Transpõe-se o portal do Mosteiro: e entra-se de súbito numa atmosfera de irrealidade transcendente. De majestade austera. De espiritualidade sublime.
Ao alto, a pedra ganhou asas. A alma arrebatada, paira. Participa irresistivelmente do voo das colunas.
Reintegremos o templo na terra e no tempo em que se ergueu. O solo, e junto ao rio, está ainda coberto de florestas, pouco menos que virgens. E os grandes troncos das árvores seculares, unidos ao alto pelas possantes ramarias, deram aos pilares da nave e aos artesãos da abóbada o modelo natural e a lógica da ascensão abstracta para o céu; o resguardo íntimo e o silêncio augusto, propícios ao recolhimento e à prece. O arquitecto foi buscar às linhas dos fustes e ao entrosado das copas a síntese euclidiana das naves.
Por isso desde logo impressiona a sobriedade orgânica dos meios. Colunas e abóbadas são pura e desnuda arquitectura. O homem cujo espírito ordenou as abadias madres da Ordem de Cister, em Pontigny e Claraval (1114-1115) - São Bernardo, já anatematizara as esculturas românicas que decoravam as igrejas clunisianas, tão profusas de imagens "que o monge, dizia ele, é tentado bem mais a estudar as pedras do que os livros e a meditar mais nessas figuras do que na lei de Deus". As formas da vida, animadas por um sopro sensual e pagão, repugnavam ao misticismo do grande inspirador da arte cisterciense.
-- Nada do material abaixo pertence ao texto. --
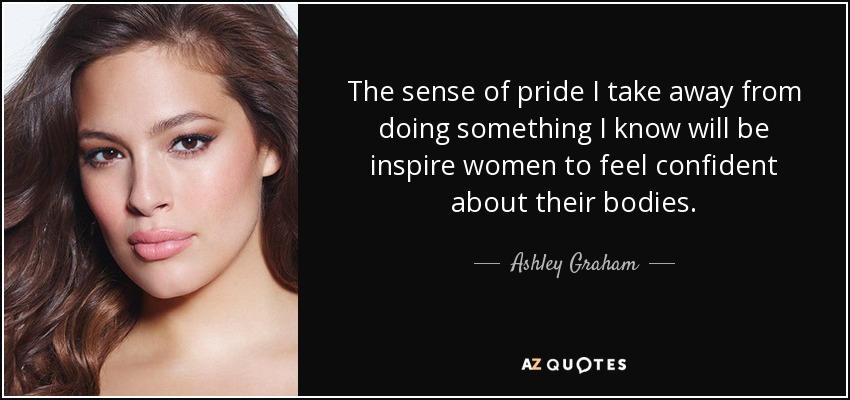 The sense of pride I take away from doing something I know will be inspire women to feel confident about their bodies. - Ashley Graham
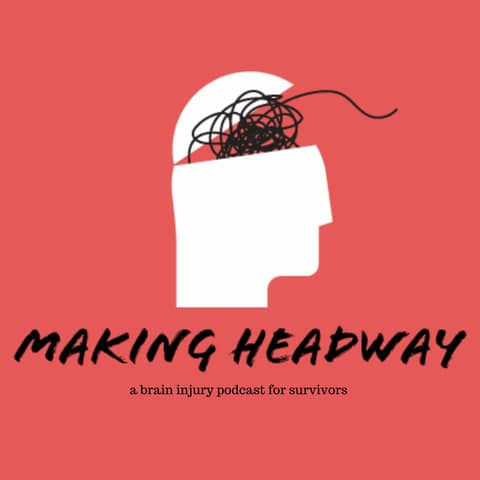 Episode 79 - Making Headway Podcast (Mariah Morgan & Eryn Martin)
O espírito católico, tal como São Bernardo o entendia, estava ameaçado de ser destruído pela invasão livre e laica da vida comunal. E era indispensável manter a fé militante e o ímpeto das Cruzadas na tensão suprema que leva aos grandes sacrifícios colectivos e dar-lhe expressão e permanência no seio místico do templo.